5. The system of claim 1, wherein the decomposing the batch of image features into image feature vectors that correspond one-to-one to the image to be processed comprises:

and traversing the first axis of the batch image features, and sequentially extracting row vectors of each row of the batch image features, wherein the row vectors are image feature vectors corresponding to the images to be processed one by one.

6. The system of claim 1, wherein after the decomposing the batch of image features into image feature vectors that correspond one-to-one to the image to be processed, the system further comprises:

the CPU calculates the similarity score of the feature vector of the target pedestrian and the image feature vector;

and if the similarity score is larger than a preset threshold value, the CPU enables the target pedestrian and the image to be processed to be the same pedestrian.
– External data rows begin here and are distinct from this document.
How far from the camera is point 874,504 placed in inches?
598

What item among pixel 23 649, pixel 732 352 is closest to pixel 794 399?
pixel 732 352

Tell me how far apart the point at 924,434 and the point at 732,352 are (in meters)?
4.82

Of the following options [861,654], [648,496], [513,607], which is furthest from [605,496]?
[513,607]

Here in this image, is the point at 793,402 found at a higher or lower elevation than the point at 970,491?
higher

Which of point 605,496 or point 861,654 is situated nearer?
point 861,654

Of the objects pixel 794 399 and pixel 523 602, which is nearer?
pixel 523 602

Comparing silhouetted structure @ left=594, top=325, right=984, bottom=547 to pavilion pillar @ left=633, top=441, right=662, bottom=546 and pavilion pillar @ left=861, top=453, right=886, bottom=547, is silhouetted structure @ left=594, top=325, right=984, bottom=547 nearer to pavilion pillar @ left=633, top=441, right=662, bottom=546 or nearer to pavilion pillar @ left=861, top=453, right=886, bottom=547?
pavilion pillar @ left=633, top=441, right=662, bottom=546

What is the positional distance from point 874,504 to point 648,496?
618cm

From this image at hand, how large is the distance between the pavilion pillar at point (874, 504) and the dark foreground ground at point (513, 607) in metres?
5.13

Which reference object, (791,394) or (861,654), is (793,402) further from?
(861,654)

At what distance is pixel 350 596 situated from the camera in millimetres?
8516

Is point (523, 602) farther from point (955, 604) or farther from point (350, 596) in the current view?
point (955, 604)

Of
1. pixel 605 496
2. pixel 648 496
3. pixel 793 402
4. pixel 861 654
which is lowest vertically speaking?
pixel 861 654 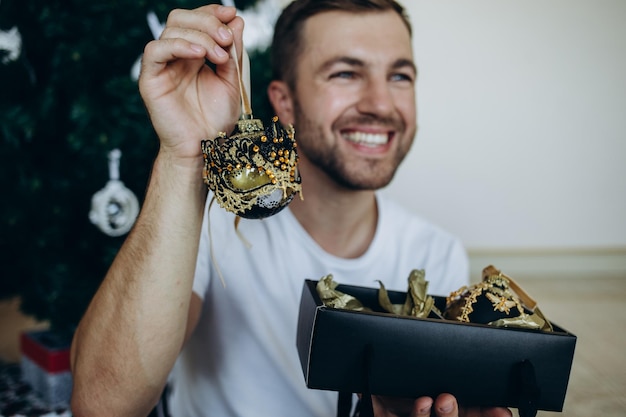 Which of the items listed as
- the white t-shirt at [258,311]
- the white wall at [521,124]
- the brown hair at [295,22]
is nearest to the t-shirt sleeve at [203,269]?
the white t-shirt at [258,311]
7. A storage medium having stored therein at least one executable instruction that causes a processor to perform operations corresponding to the pedestrian re-identification batch processing system of any one of claims 1-6.

8. A computer device, comprising: the device comprises a processor, a memory, a communication interface and a communication bus, wherein the processor, the memory and the communication interface complete communication with each other through the communication bus;

the memory is configured to store at least one executable instruction that causes the processor to perform operations corresponding to the pedestrian re-identification batch processing system of any one of claims 1-6.